Just read your web page and note the following:

GSW; is General Service Wound (All wounds however serious are given the same name)

SOS: is Struck Off Strength

TOS: is Taken On Strength

Bramshott is in the Aldershot area of England, where the counties of Surrey, Sussex and Hampshire meet.

Shoreham is on the south coast of England in Sussex (Close to where I was born)

When a man was wounded he was taken to a Field Casualty Clearing Station. Depending on the severity, he was then sent to a Military Hospital in France or Belgium and then forwarded to a Military Hospital in England - the Canadians had their own hospitals a lot of the time. Each battalion also had a Depot where recovering wounded often went before being sent back into the field.


January 5, 2004:

I sent a message to the Oxford library and received a reply:

From: Douglas Baldwin[]
Sent: Friday, October 31, 2003 7:37 PM
Subject: looking for a history book

Hi Susan

I am researching my grandfather's involvement in World War 1. He served in the 168th battalion from Oxford. I found a reference on the Oxford genealogy website referring to "168th Battalion CEF:Oxford's Own" Then there were the initials "WPL"

I am wondering if the WPL might refer to Woodstock Public Library, and if it does do you have a book called "168th Battalion CEF: Oxford's Own"?
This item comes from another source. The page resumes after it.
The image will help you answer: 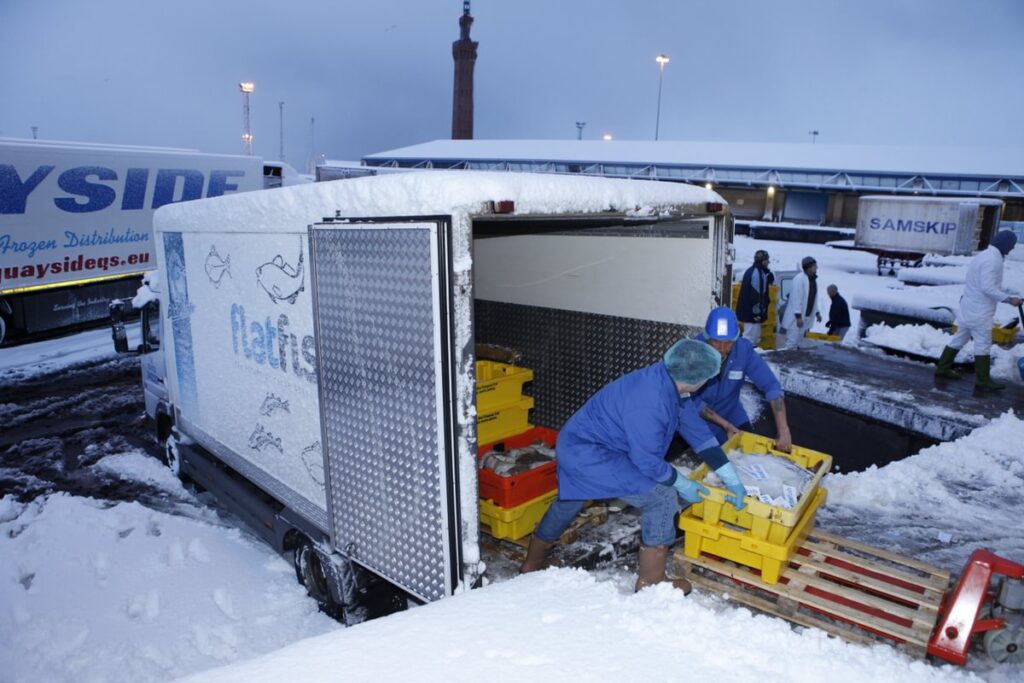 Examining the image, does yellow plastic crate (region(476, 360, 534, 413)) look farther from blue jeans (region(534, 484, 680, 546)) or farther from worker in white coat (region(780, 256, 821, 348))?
worker in white coat (region(780, 256, 821, 348))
How could someone from Saginaw, Michigan USA see the book? (Buy a copy?)


Doug Baldwin

Dear Mr. Baldwin,

Is a short trip to woodstock in the cards for you? Because this item is an important item in our local history collection, we are not able to interloan it.

Another option for you would be to contact the wonderful volunteers at the oxford historical and genealogical society ( who could look up items of interest for you in the book and respond.

I hope this is of help, and i apologize that this brief reply has taken several weeks. (i wear a number of hats here.) regards and merry christmas,

Susan Start


Mysteries/Research Avenues/Stray Thoughts

1. Was Charles Biddis (not my grandfather, but his uncle, Bens brother) a British Home Child?

2. Did Mose get a metal for his war wounds? Where is the metal?

3. Can I trace the address in England where Ben's brother Charles gives as his birth address?

4. Why is the surname Biddis so scarce?

5. Are William and Ann Biddis Ben and Charles' parents, or is Crutchy a correct surname?

6. Are there researchers in England (or Canada) specializing in helping families connect to relatives in Great Britain?

7. What agency (people) greeted Ben when he arrived in Quebec. How did he get to Oxford County, and why was he sent there? Who greeted him when he got to the Woodstock area?

8. Was Ben in communication with his family back in England? How? How did his brother and sister end up in the same area of Ontario? Were there other kids who came? What happened to their mother?